On June 20, 2016, the Federal Minister of Finance and his provincial and territorial counterparts announced that an agreement in principle had been reached between the federal government and the provinces and territories on Canada Pension Plan (CPP) enhancement during the first day of meetings at the Federal-Provincial-Territorial Finance Ministers’ Meeting in Vancouver.
The CPP enhancement is scheduled to begin on January 1, 2019 and would:
- increase income replacement from one quarter to one third of pensionable earnings—this means that, at maturity, a Canadian with $50,000 in constant earnings throughout their working life would receive a yearly pension benefit of around $16,000 instead of the $12,000 they would currently receive, or $4,000 more per year; and
- increase the maximum amount of income subject to CPP by 14%, which is projected to be equal to roughly $82,700 in 2025.

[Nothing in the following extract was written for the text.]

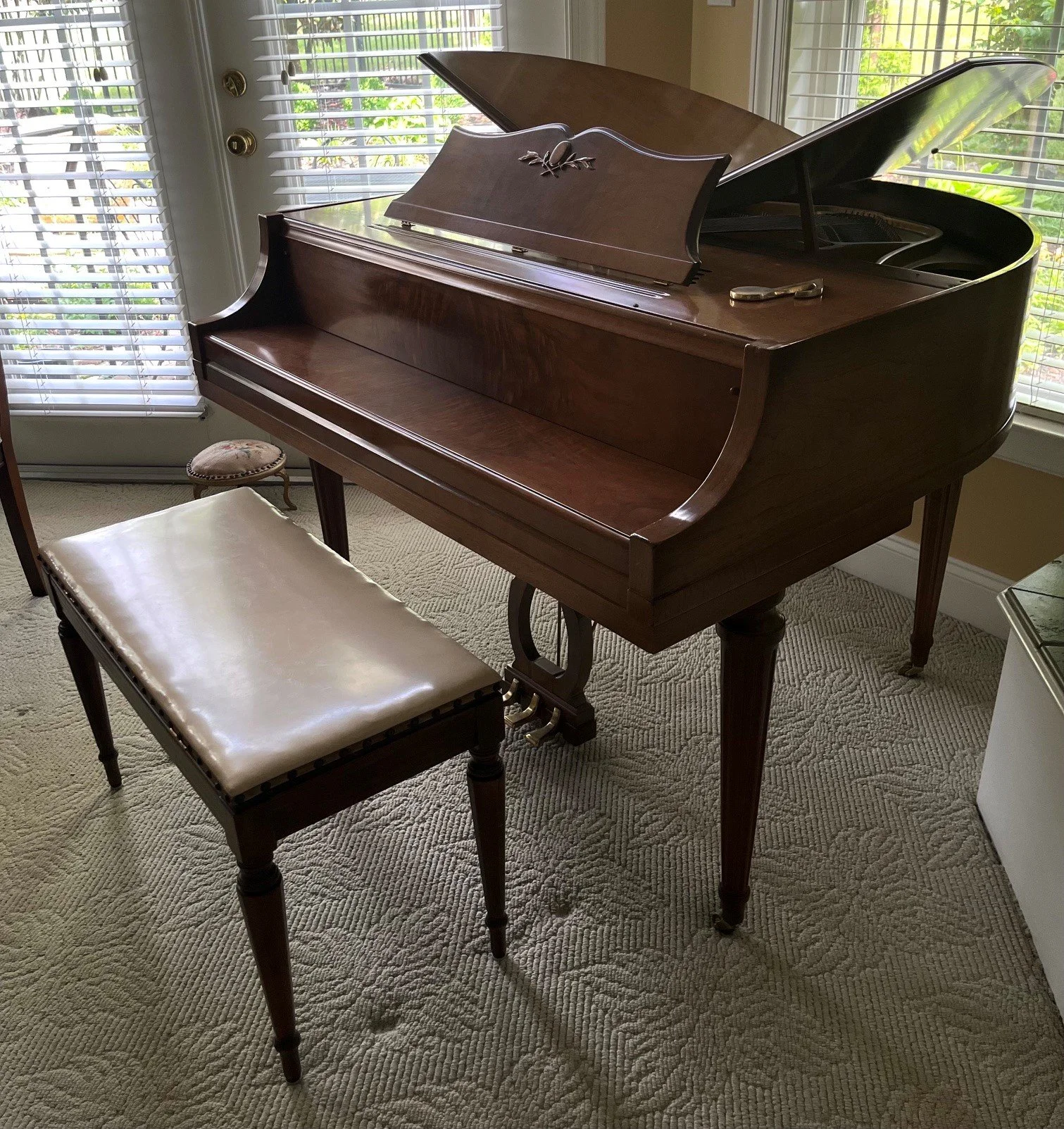piano 2.jpg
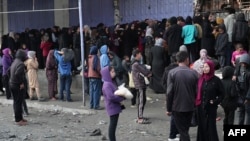 Луѓето чекаат свеж леб во Рафа, јужен Појас Газа, 28 февруари 2024 година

In order to ensure a smooth transition for businesses and Canadian taxpayers, the Ministers propose the following measures:
- introducing a gradual phase-in starting on January 1, 2019 that will allow more time for businesses to adjust;
- enhancing the federal Working Income Tax Benefit as a means of offsetting the impact of increased contributions on low-income workers; and
- providing a tax deduction—instead of a tax credit—for employee contributions associated with the enhanced portion of CPP in order to avoid increasing the after-tax cost of saving for Canadians.